A world-first solution that could keep tonnes of plastic, glass and tyres out of landfill is closer to reality after two Victoria University researchers earned a state government grant.
Civil engineering lecturer Dr Ehsan Yaghoubi and Professor Sam Fragomeni, both of the university’s College of Engineering and Science and Institute for Sustainable Industries and Liveable Cities, recently gained support for a project through Sustainability Victoria’s $37 million Recycling Industry Strategic Plan fund.
The project – which includes collaborators from the geotechnical team of the University of Melbourne and industry partners City West Water and Ground Science – will validate the performance of a blend of 100 per cent recycled materials instead of virgin aggregates in backfill for sewer pipeline infrastructures.

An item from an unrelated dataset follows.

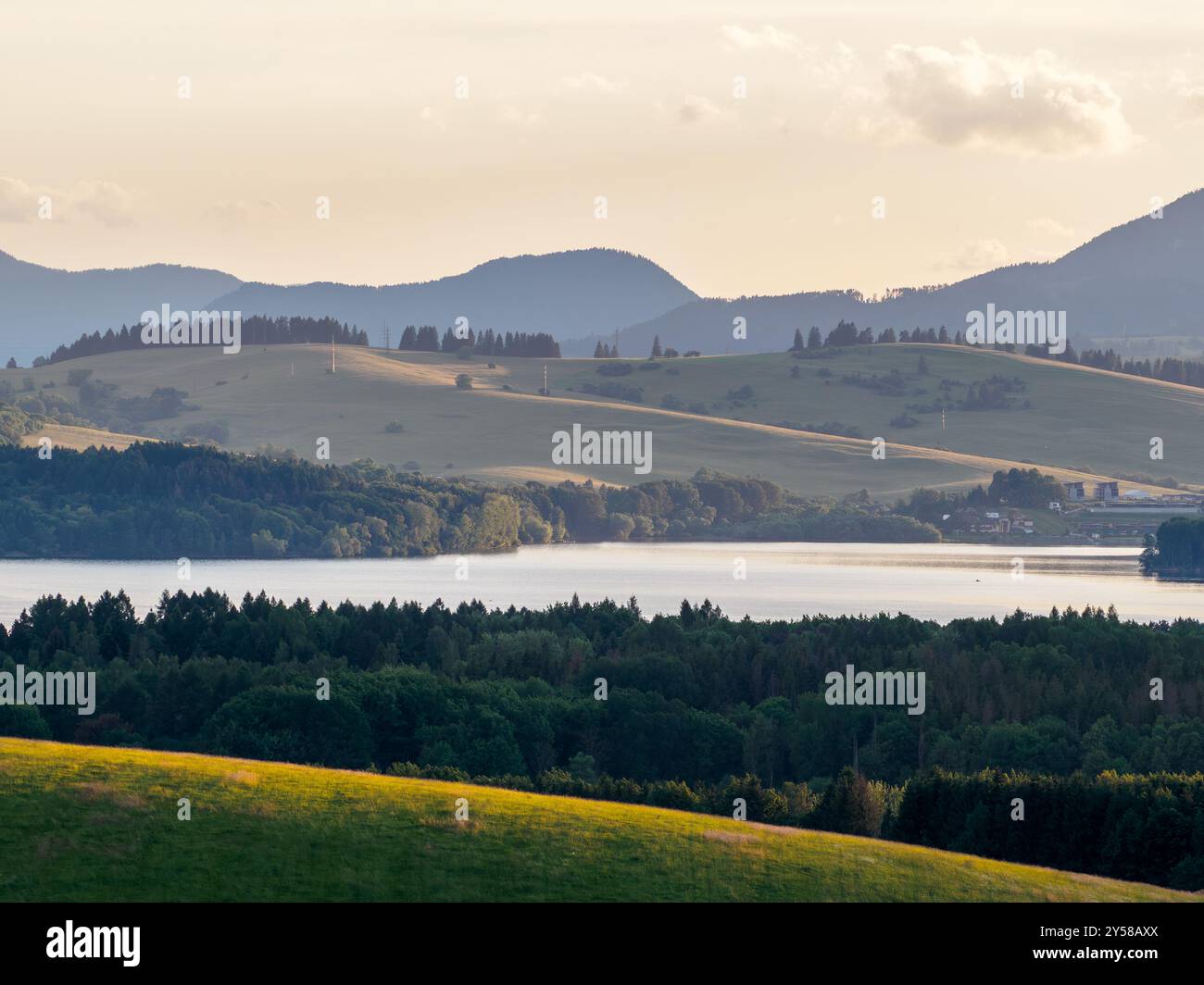 Paesaggio montano. Il sole tramonta illumina le pendici delle colline. Vista sulle montagne Hoczanskie. Regione di Zilina. Slovacchia. Foto Stock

According to Yaghoubi, there could be appealing mechanical performance as well as environmental benefits as a result of the work. The industry partners, Ground Science and City West Water brought up a lack of quality control for clay backfilled trenches.
“Together with our collaborators, we came up with the idea of using a blend of materials that have self-compacting properties, or at least we can have more control over their compaction or achieved density,” Yaghoubi said.

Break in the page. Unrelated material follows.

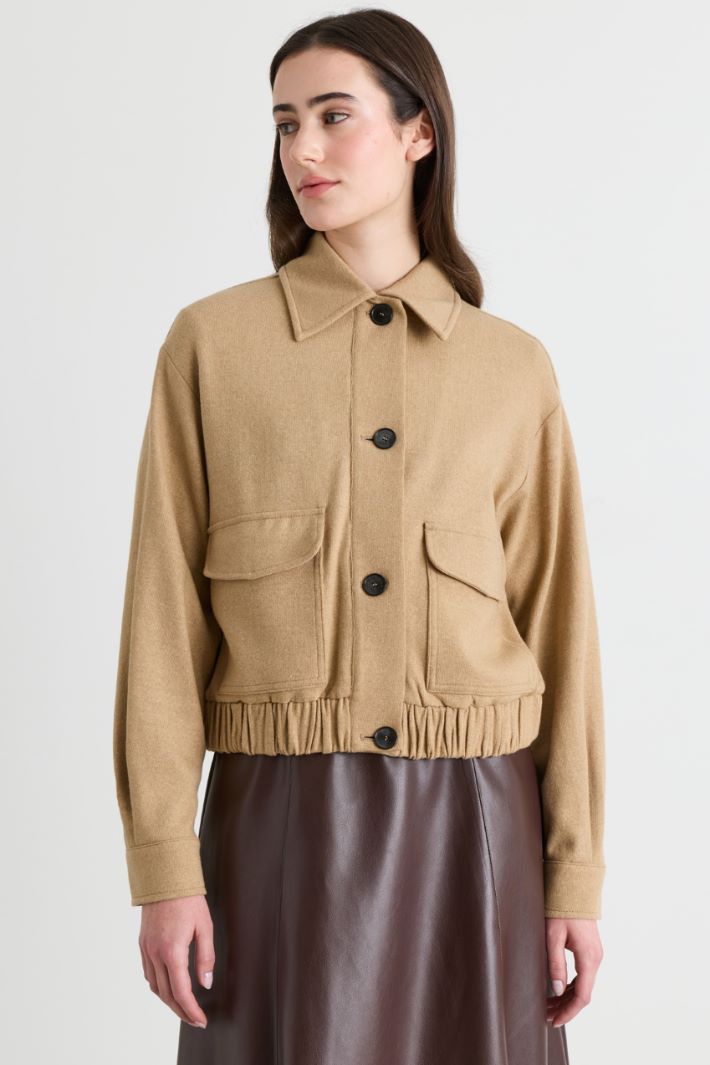 Jacket with oversized pockets - CAMEL - Intrend - 2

City West Water is providing two locations at one of their sites and has offered to assist with expert advice and construction. Yaghoubi said that this is important for carrying out their research and evaluating the recycled blends under real-world conditions.
The project addresses a collection of major problems. Besides overcoming expansive clay’s limitations which spread over many areas in Australia, the mix will also save on construction companies excavating, crushing and transporting virgin aggregates, with suppliers looking increasingly further afield – sometimes 200 km away – for supplies to truck in.
The researchers’ solution involves a blend of recycled tyre, plastic and glass, with glass to make up between 70 and 80 per cent of the final formulation. “Repurpose It” is supporting the project by donating about 150 t of washed recycled glass free of charge for construction of the trial sites.
The project and partners
At the time of writing, Yaghoubi’s team is still at the laboratory stage, and has run geotechnical and environmental testing on different blends, preparing to move on to site testing in late-August or early September.
He explained that others have used backfill mixes including a limited amount of recycled materials including glass but using 100 per cent recycled content is likely a world-first.
The team will use two construction sites with two different shortlisted blends, with these sites instrumented and monitored for 12 months to gauge settlement during weather events like rain or dry spells.
Partners include a geotechnical team from University of Melbourne, the geotechnical firm Ground Science, and City West Water. Yaghoubi said University of Melbourne is contributing expertise for a bespoke fibre optic sensor system that will monitor ground movement and settlement. This is an alternative to strain gauges for monitoring settlement. Ground science is assisting with geotechnical testing and expert advice and City West Water is contributing to construction of the sites.
“The strain gauge only gives you one data point in the underground space. Let’s say you use 10 different strain gauges, at different depths, at different locations along the trench, and still, you only have 10 data points,” he said.
“But with fibre optic sensors, it’s distributed monitoring. These are small, very tiny cables that you place in the ground in different depths. Along the length of the cable, we can have continuous data collection. It gives us way more evaluation points.”
A project for the times
Yaghoubi has a background in pavement and geotechnical engineering and has contributed to several infrastructure projects during his employment in the industry. He worked for Coffey before joining Victoria University (VU).
The university’s reputation for engineering is on the rise. It placed in the top three in the state for engineering and technology in the Times Higher Education charts, where it was also 56th in Young University Rankings this year. VU also rated well above world standard in the latest Excellence in Research for Australia rankings in engineering.
There is a focus on industry engagement on major projects, such as this one, and on producing work-ready graduates familiar with real-world problems.
As far as real-world problems go, turning waste back into a resource appears to be the biggest challenge right now.
Australia is scheduled to end exports of waste glass beginning next year, and will have phased out plastic, paper and tyres by 2024. Following the 2018 waste import clampdown by China – which took 619,000 t of our plastic in 2017 – there is an imperative to find new applications for what we throw away.
“Everybody knows it’s good to reuse recycled materials, but the uncertainties with the mechanical performance as well as potential environmental problems may be the reason why application of these materials is delayed,” said Yaghoubi, whose field is one that can make a real difference in the situation.
“Construction projects, generally civil engineering projects, require a lot of materials to be used. The volume of the material is normally significant, whether it is a road or backfilling kilometres and kilometres of trenches.”